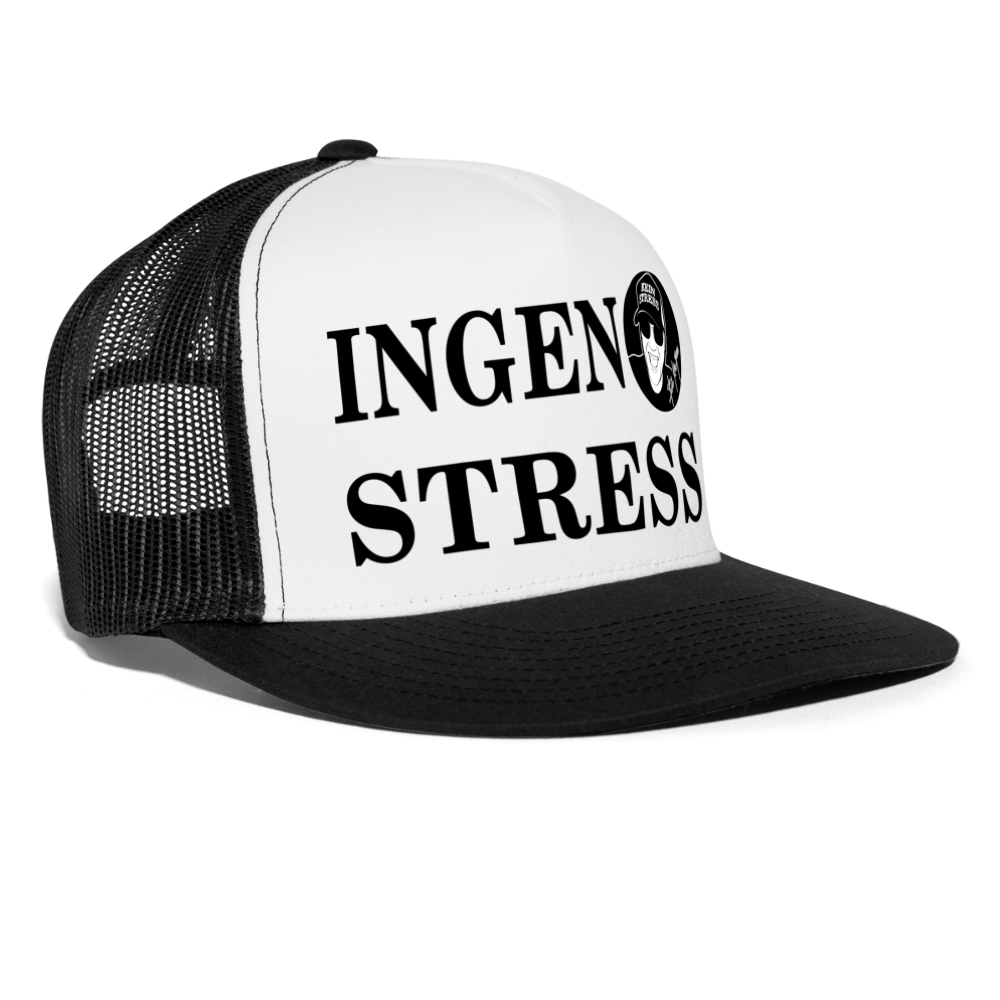 Boscho Kein Stress ® Trucker Cap Text Schwedisch Ingen Stress mit Logo - Weiß/Schwarz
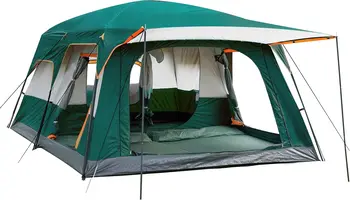 KTT Extra Large Tent 10-12-14 Person(B),Family Cabin Tents,2 Rooms,3 Doors and 3 Windows with Mesh,Straight Wall,Waterproof,Doub 1
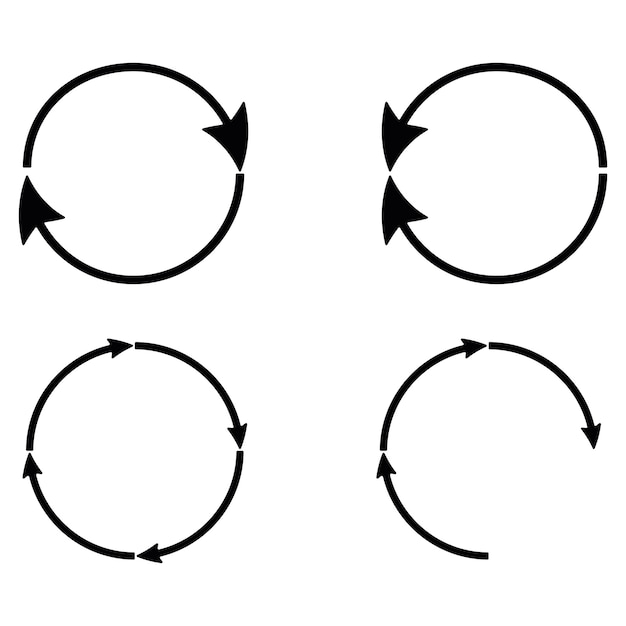 Vector circular arrows indicating process cycle or rotation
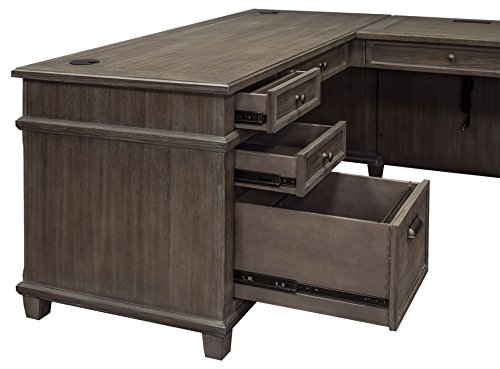 Martin Furniture Desk And Return, Weathered Dove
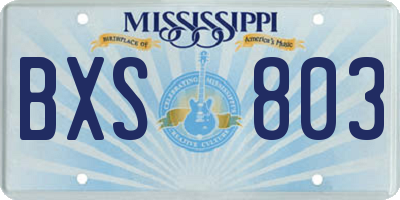 MS license plate BXS803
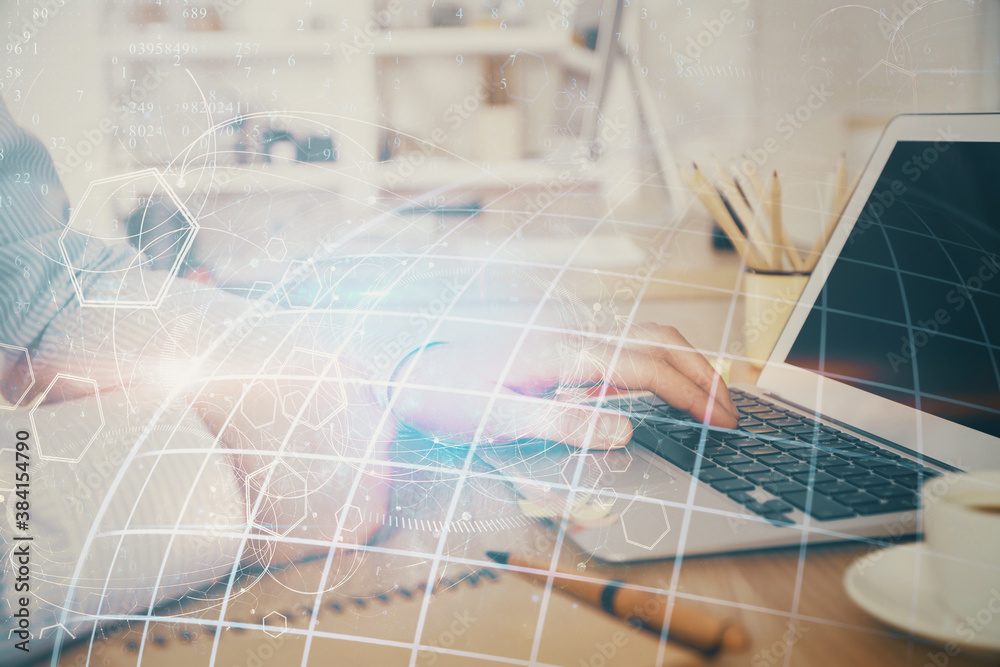 Multi exposure of world map hologram with man working on computer on background. Concept of worldwideweb. Multi exposure of world map hologram with man working on computer on background. Concept of worldwideweb.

[Aim of the exercise] Exactly the lines from the one with "MS license plate BXS803" through the end of the entries above must be written out, and no pictures may be included.

[Exercise answer]
 MS license plate BXS803
 Multi exposure of world map hologram with man working on computer on background. Concept of worldwideweb. Multi exposure of world map hologram with man working on computer on background. Concept of worldwideweb.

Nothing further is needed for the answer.